February 4, 2013

Al-Qaeda Rises, Falls According To U.S. Politics

Last Sunday, The Washington Post published a not-so-fascinating map of al-Qaeda's diversification and decentralization from its previous headquarters in Pakistan and Afghanistan (although Osama bin Laden began jihad in response to U.S. troops on Saudi territory and Israel's occupation of Palestinian lands). The simplistic map is mis-weighted by an inaccurate assessment of al-Qaeda in the Arabian Peninsula (AQAP), whose prospects in Yemen remain on an upward "trend" despite losing territory. The insurgency is, at the least, treading sideways rather than permanently falling, and swapping AQAP would give three "green arrows" to al-Qaeda's core.

In any event, measuring the protracted nature of insurgency and terrorism in dualistic terms of "up" and "down" is the realm of mainstream media.

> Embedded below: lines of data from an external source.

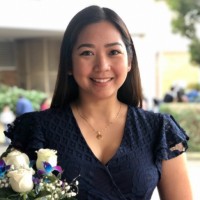 Angielyn Asis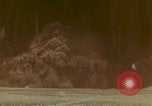 Standbild Lake Chagan Krater Formation Kasachische Sowjetunion, 1965, aus Sekunde 28 historischem Filmmaterial Videoclip 65675079485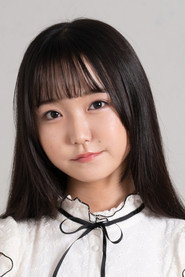 内藤穂之香 头像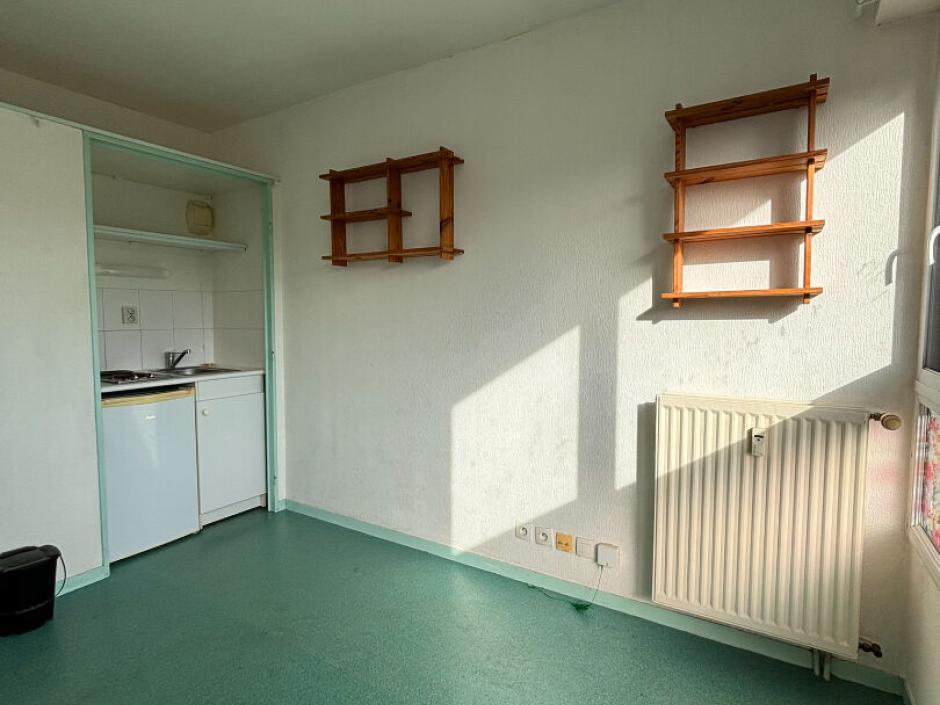 Ac3- location appartement 
rennes
 1790292603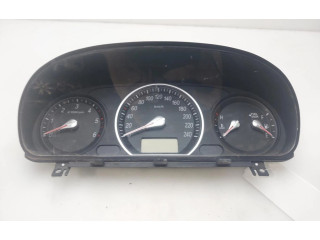Панель приборов 940033K395   Hyundai Sonata       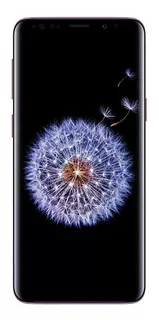 Samsung Galaxy S9 64 GB morado lila 4 GB RAM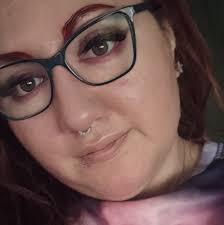 Larena Monique Abril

The Washington Post offers few pieces of information that would catch the attention of international observers, but one startling figure is the high estimate of al-Qaeda in Iraq: 2,500. The largest operational count on the map (if roughly accurate) not only occurs within a country that al-Qaeda entered after American soldiers - al-Qaeda has maintained a presence in a war that was supposed to be over. Today the network allegedly struck again when a suicide bomber infiltrated the Sahwa - "Sons of Iraq" - headquarters in Taji, presumably as retaliation for the so-called Sunni Awakening. An estimated 340 civilians were killed and many hundreds wounded in January alone and, with Baghdad paralyzed by a power struggle between Prime Minister Nouri al-Maliki and the Sunni opposition, Iraq's violence stands to persist and possibly intensify.

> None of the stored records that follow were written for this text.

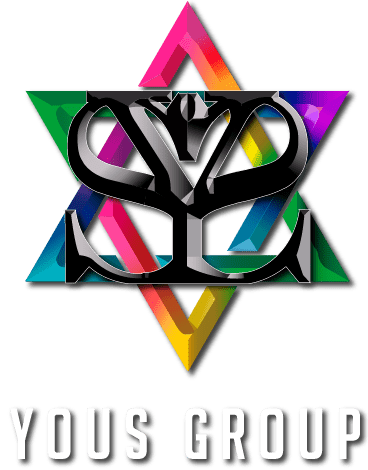 YOUS GROUP（ユースグループ）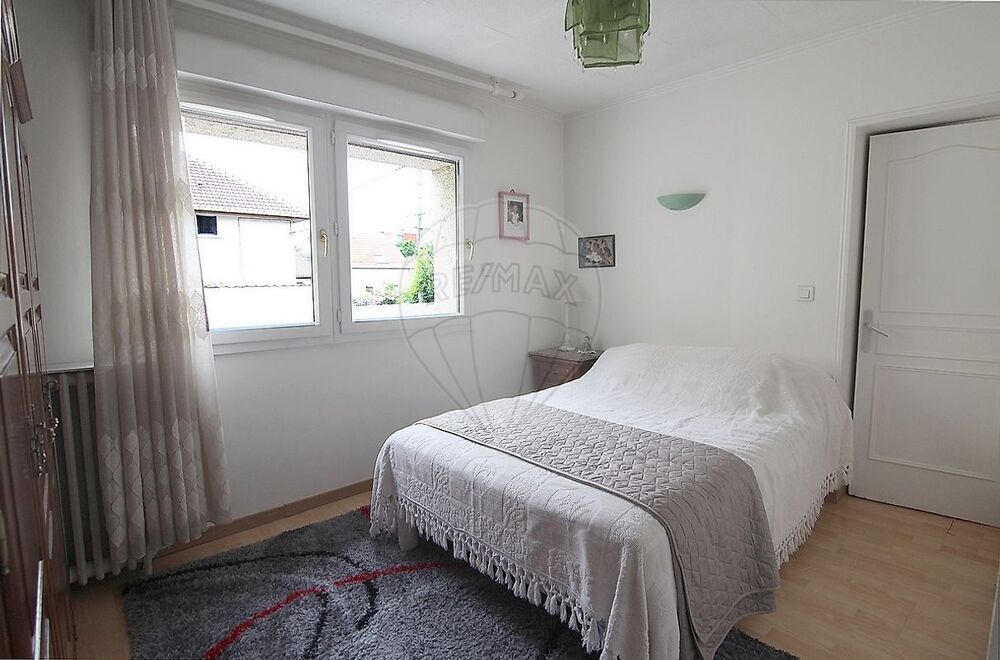 � vendre  Maison Colombes (92700)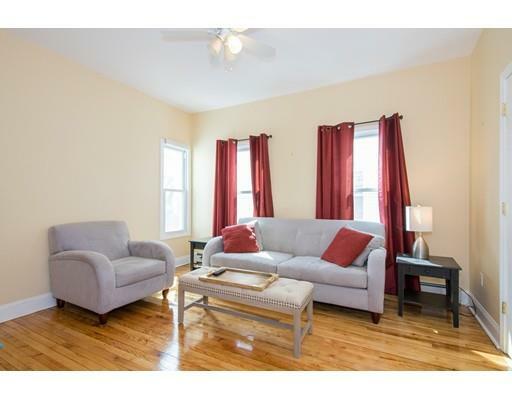 Property Photo:  56 Grant St 56  MA 02145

While al-Qaeda's ideology may be on set on a long-term "path to defeat," as the Obama administration and U.S. mainstream media continue to assert, an entire war has been declared over when it is far from it. This broken "promise" became the third leg of President Barack Obama's re-election campaign, illustrating how al-Qaeda's estimated strength varies in relation to the administration's political needs at a given time. Taking Syria into account adds a new dimension to this dilemma. Now the same war that is supposedly "over" is fueling a new war across the border and new fears in Washington, where concerns of al-Noura's influence have overshadowed other aspects of Syria's revolution.

The administration clearly wants these situations to cut both ways - Syria is new news, Iraq is old news. Highlighting accomplishments and concealing failures is standard practice.

Add al-Qaeda's operations Iraq and Syria to AQAP and, to a lesser extent AQIM's activities in North Africa, and al-Qaeda's momentum doesn't feel as weak as the Obama administration claims. This isn't to lobby in favor of escalation, but to advise against an endless campaign of militarizing Muslim states and the undermining of their peoples. In order to truly counter al-Qaeda's ideology over the long-term, U.S. foreign policy must invest in the political energy needed to compliment military operations and establish genuine relations with local populations.

Such a multidimensional policy remains sorely missing in Yemen, Iraq, Mali and Pakistan.